The Milky Way is not special: accreted stars also inhabit the Spite Plateau
The Milky Way is not special: accreted stars also inhabit the Spite Plateau
Please contact sjhan@berkeley.edu or asuliga@berkeley.edu for zoom links.
The ESA Gaia astrometric mission has enabled the remarkable discovery that a large fraction of the stars within a few kiloparsecs of the Sun appear to be debris from a single in-falling system, the so-called Gaia-Sausage-Enceladus. One exciting feature of this result is that it gives astronomers for the first time a large sample of easily observable, unevolved stars that formed in an extra-Galactic environment, which can be compared to stars that formed within our Milky Way. In this talk I will discuss using these stars to investigate the “Spite Plateau” – the near-constant lithium abundance observed in metal-poor dwarf stars across a wide range of metallicities (-3 < [Fe/H] < -1). In particular our aim was to test whether the stars that formed in Gaia-Sausage-Enceladus show a different Spite Plateau to Milky Way stars that inhabit the disk and halo. Individual galaxies could have different Spite Plateaus – e.g., the interstellar medium could be more depleted in lithium in a lower galactic mass system due to it having a smaller reservoir of gas. We find that the Gaia-Sausage-Enceladus stars show the same lithium abundance as other likely accreted stars and in situ Milky Way stars, strongly suggesting that the “lithium problem” is not a consequence of the formation environment.
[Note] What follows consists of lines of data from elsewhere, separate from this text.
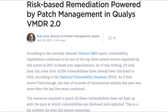Risk-based remediation powered by patch management in Qualys VMDR 2.0. To tell the truth, I have long been interested in what's new in Qualys vulnerability management detection and response.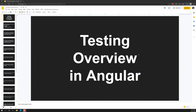Hi friends, this is Leela, welcome to my channel Leela WebDev. In this video we will learn about the different types of testing available in JavaScript and also the different types of testing available in Angular.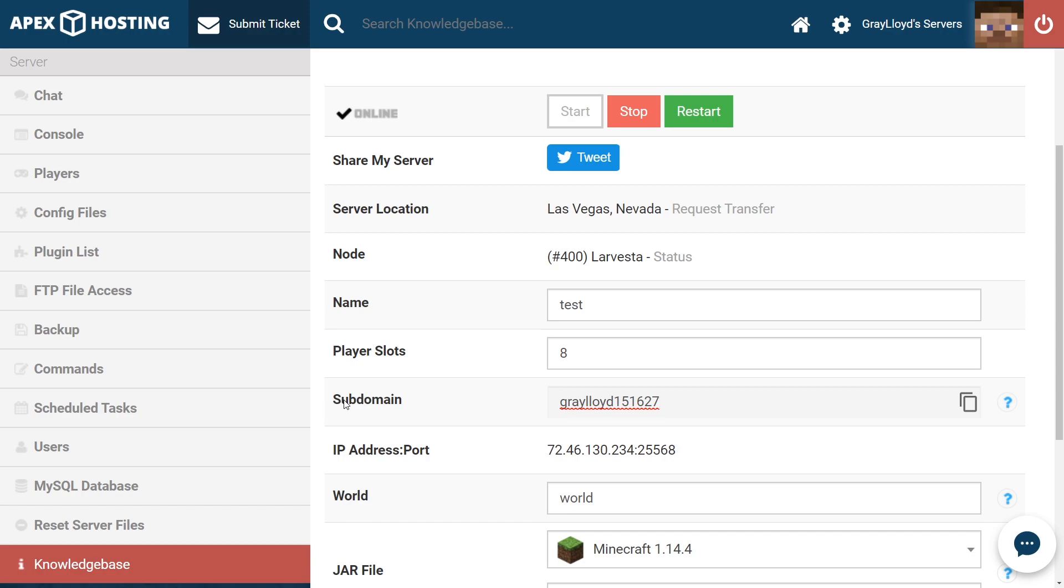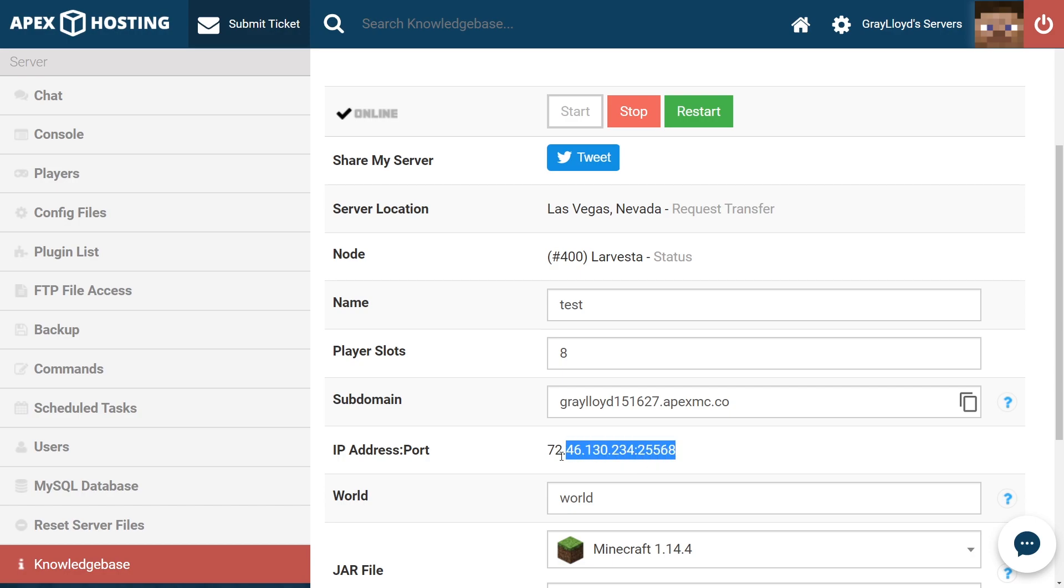This mask makes it easier to remember the server address used to join a server. For example, the subdomain grayloid151627.apexmc.co is the default subdomain for my server, but it is also the mask for the IP address port combination right here. So I can log in with either of these, namely being our subdomain, which you can just copy by clicking on the copy widget of the page.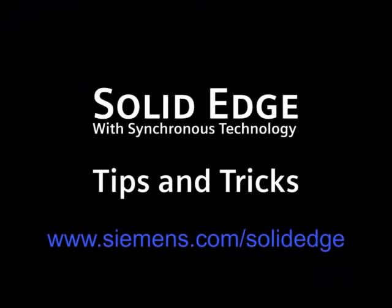To learn more, go to siemens.com forward slash Solid Edge, or call your local Solid Edge channel partner. See you next time.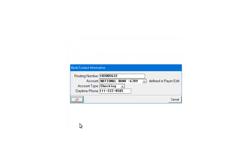Verify that the banking information is correct. If the banking information has not been set up, please click Cancel, go into Payer Edit and the Check Maker tab, and enter the bank routing number and the account information. Click OK to continue.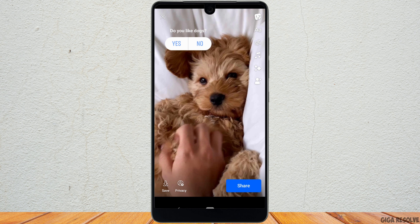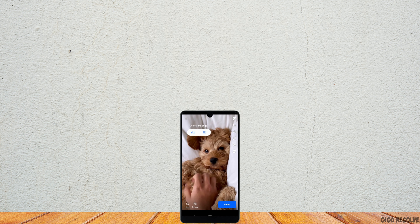It will be uploaded to your story and people will be able to interact with your poll. That's it — this is simply how you can create a poll on Facebook. I really hope this video is going to be helpful for you, thank you for watching.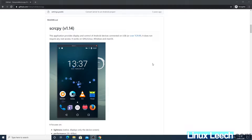In this video we're going to install scrcpy on Windows 10. What scrcpy allows you to do is view and control, as well as record the screen of an Android device on your Windows machine, and it does not require a rooted Android device.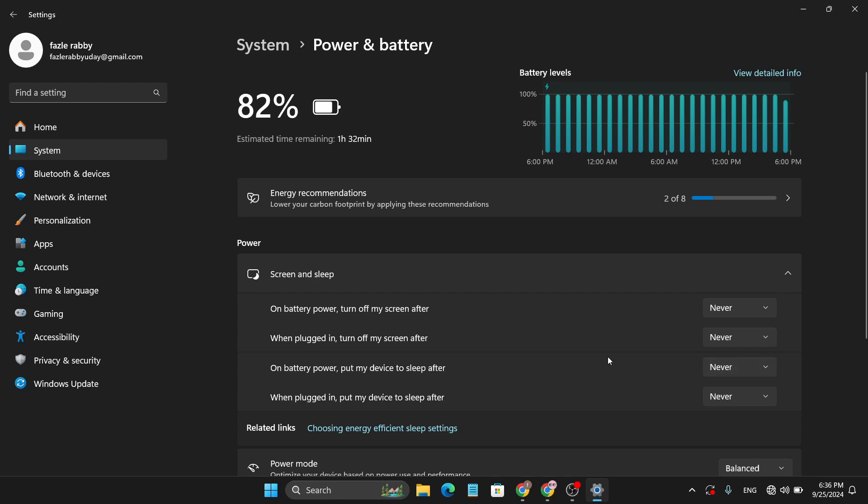And choose all the things Never. That means that your laptop will not automatically lock or automatically turn into sleep mode when you're away from your laptop. So that's it guys, this is how you can turn off or disable the auto lock screen in your Windows 11 laptop.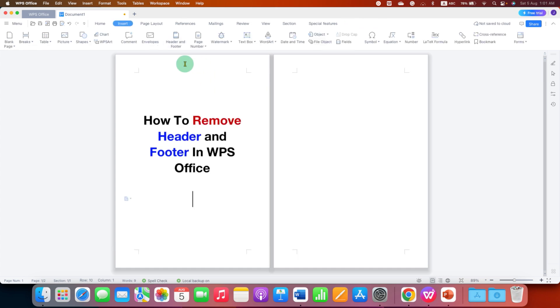As you can see, the header, footer and page number has been removed from all the pages in the document.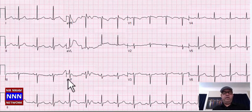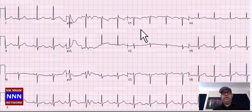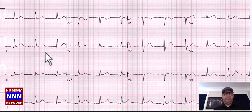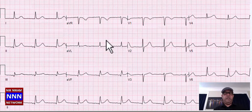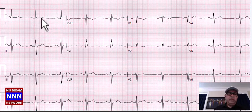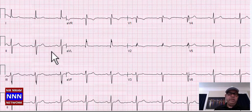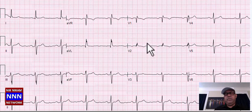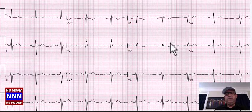Sinus rhythm, inferior leads look okay, anterior leads: some T-wave changes — non-specific ST-T changes, nothing really acute. Sinus rhythm, inferior wall okay, anterior wall okay, AVL looks okay. Sinus rhythm bradycardia, left axis deviation, non-specific T-wave changes, incomplete right bundle branch block. Complete right bundle branch block with sinus rhythm, PACs, some T-wave changes — non-specific T-wave changes, but nothing really significant. Sinus bradycardia, T-waves in inferior leads okay, anteriorly some increased voltage — nothing really significant.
This result fits within the growing consensus that the Spite Plateau, and more generally the “cosmological lithium problem” – the observed discrepancy between the amount of lithium in warm, metal-poor dwarf stars in our Galaxy, and the amount of lithium predicted to have been produced by Big Bang Nucleosynthesis – is the result of lithium depletion processes within stars.